Session Information
30 SES 09 A JS, Joint Paper Session
Joint Paper Session NW 29 & NW 30
Contribution
The future is unknown. Not knowing can cause feelings of stress, discomfort or paralysis, yet it can also evoke feelings of hope, curiosity and wonder (Cocker 2013). Not knowing is a central predicament in sustainability education, because it acknowledges the ‘wicked’ nature of sustainability issues which are multifaceted, complex, have unpredictable impacts and are ‘characterised by a lack of knowledge, conflicting values and, therefore, imperfect solutions’ (Horvath et al 2025, p.1; Rittel & Webber 1973). Given this unknown future, it is inevitable that teaching and assessment in relation to sustainability issues is likely to entail a level of uncertainty (Gordon 2006). Such education may support the development of students’ interplay of knowledge, skills and dispositions, such as resilience, so they can live and flourish in uncertain situations (Pettig 2023; Tauritz 2016).

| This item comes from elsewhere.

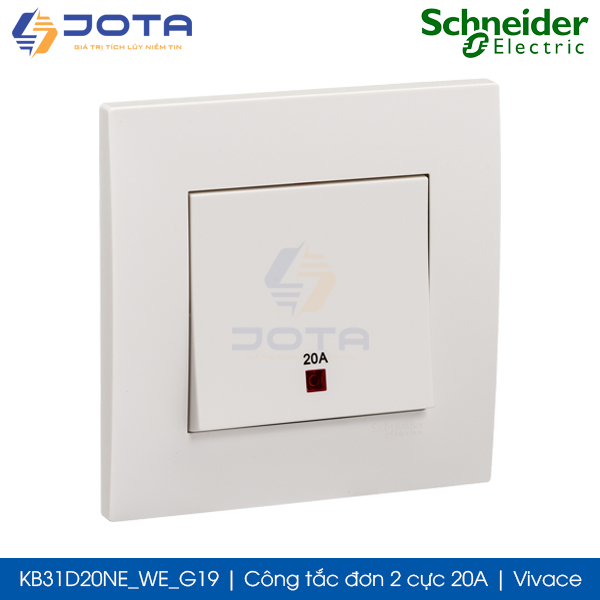 Công tắc đơn 2 cực 20A KB31D20NE_WE_G19 Vivace Schneider, màu trắng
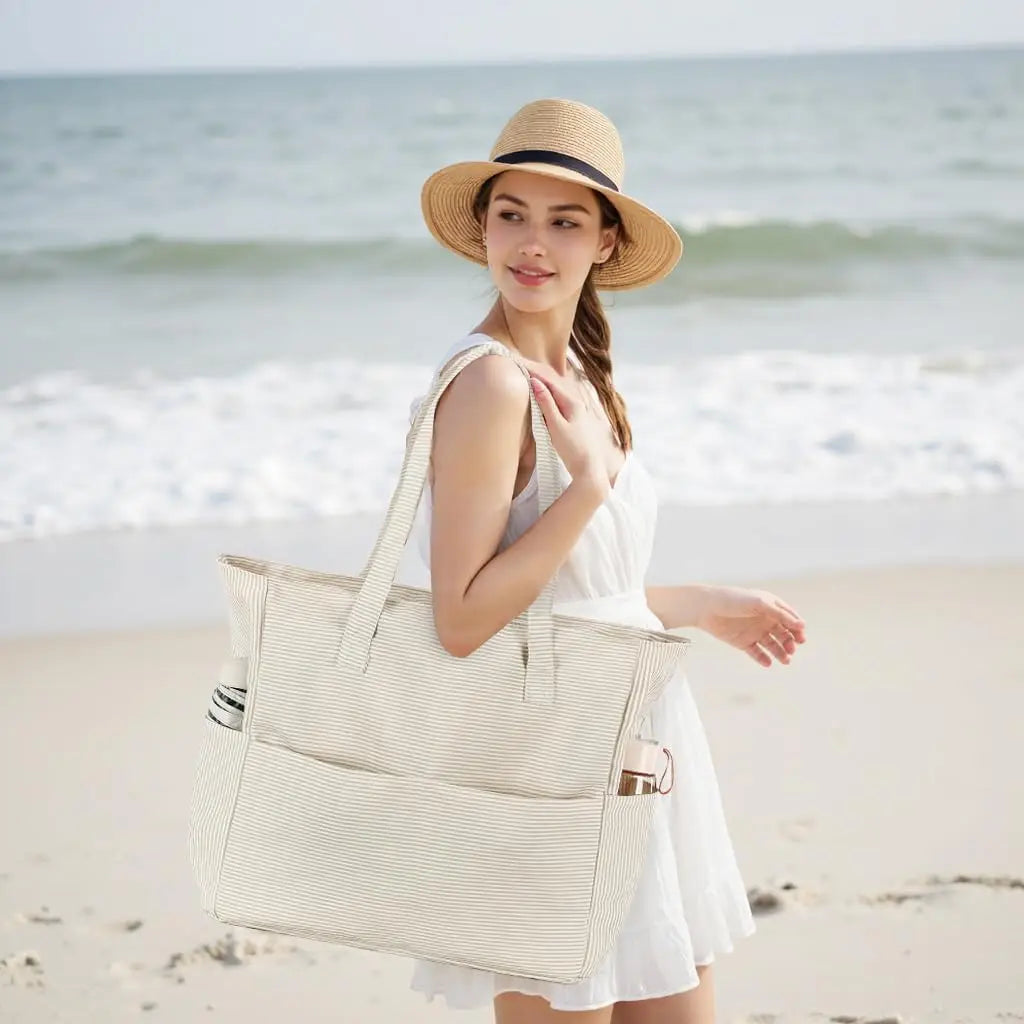 Extra Large Waterproof Beach Tote with Wet Compartment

Learning for Sustainability (LfS) aims to raise students’ awareness about sustainability issues, help them to become active citizens, support them to develop dispositions towards negotiating the feeling of not-knowing and encourage them to find creative solutions for a better future (Dahlbeck 2014). Through LfS, students can develop dispositions to manage the feeling of uncertainty and make informed decisions, leading to transformative learning (Dunlop & Rushton 2022).

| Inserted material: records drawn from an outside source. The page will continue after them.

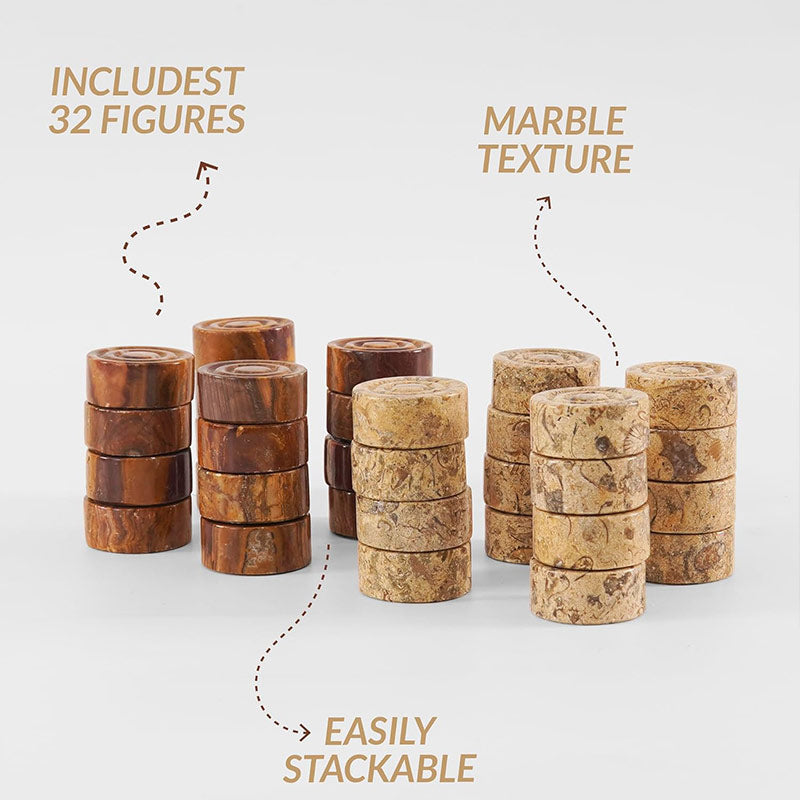 Red and coral marble checkers set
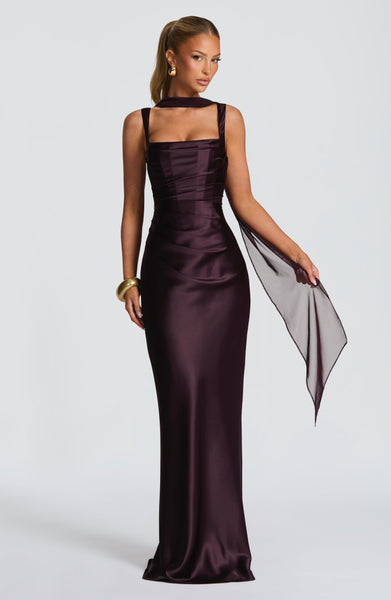 Babyboo Calanthe Maxi Dress in Plum Size XS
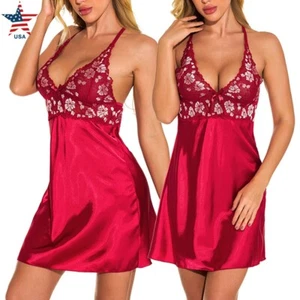Women Sexy Lingerie Satin Dresse Sleepwear V-neck Babydoll Clothes Silk Chemise - Picture 1 of 15
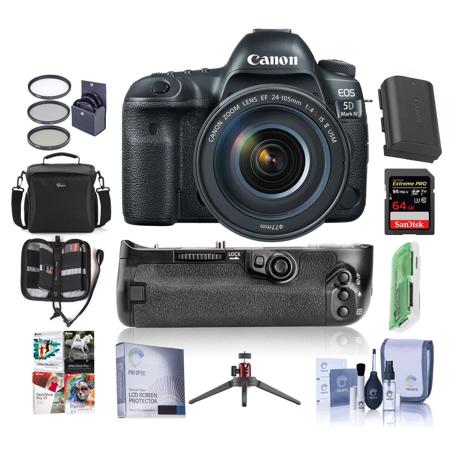 Canon EOS 5D Mark IV DSLR with 24-105mm Lens /Canon BG-E20 Battery W/Free Bundle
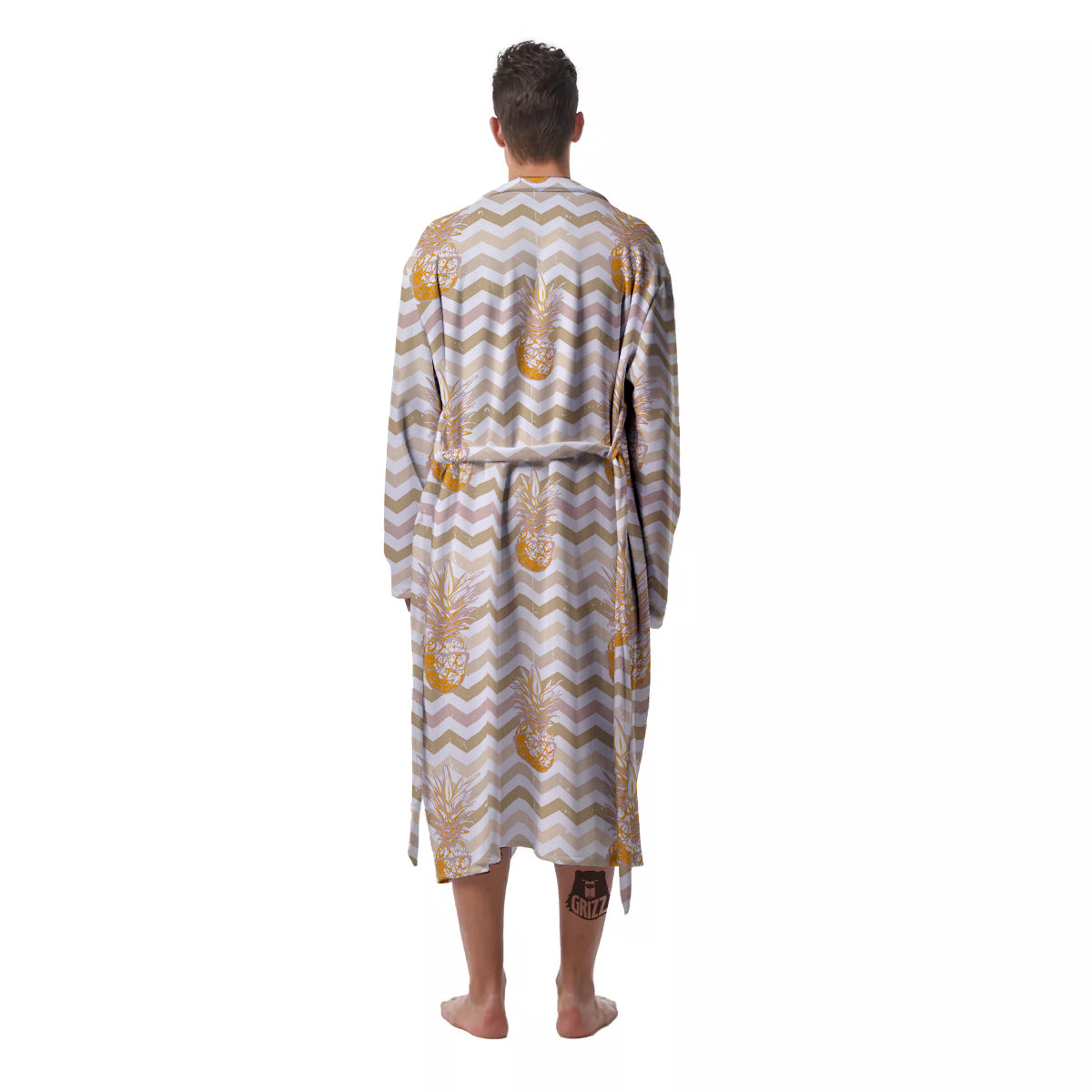 Pineapple Beige Zig Zag Print Pattern Men's Robe-grizzshop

Although there is research on the importance of developing students’ dispositions, there is limited research around how these can be assessed in the context of secondary education, especially around the dimension of negotiating an unknown future (Redman et al. 2021). This is potentially due to several challenges which impede the assessment of LfS in formal education including, but not limited to, rigid disciplinary fragmentation, a focus on assessing students’ factual knowledge about sustainability, rather than their critical and creative thinking, and the unknown ways in which students might enact their sustainability competences in the future.
To address this gap, our project explores whether assessment practices in art education might inform the assessment of dispositions favourable to negotiating feelings of not knowing among secondary education students in England. Art, by its nature, is a journey into the unknown; it allows self-discovery, expression, creativity, and an embodied experience. Not knowing is the driving force inherently embedded in art because both the process and its outcome cannot be predicted (Fortnum, 2013). Research suggests that art-based approaches can support students to address complex and unforeseen sustainability issues and develop sustainability competences (Eernstman & Wals 2013). This is because art-based approaches embed tacit forms of knowledge founded on embodied and sensory experiences which make sustainability issues ‘visible and tangible’ (Horvath et al 2025, p.3). Art-based approaches embrace uncertainty and ambiguity, requiring students to demonstrate risk-taking, experimentation, imagination and visualisation; skills and dispositions which can assist in dealing with unpredictable and complex sustainability issues.
The research questions of the project are:
- What assessment practices are used currently in creative disciplines in secondary education?
- To what extent, and if so how, is assessment of unforeseen outcomes being conducted by teachers of creative subjects?
- How else can students’ skills and dispositions in negotiating the unknown be assessed?
- To what extent might these assessment practices support the assessment of LfS across other disciplines?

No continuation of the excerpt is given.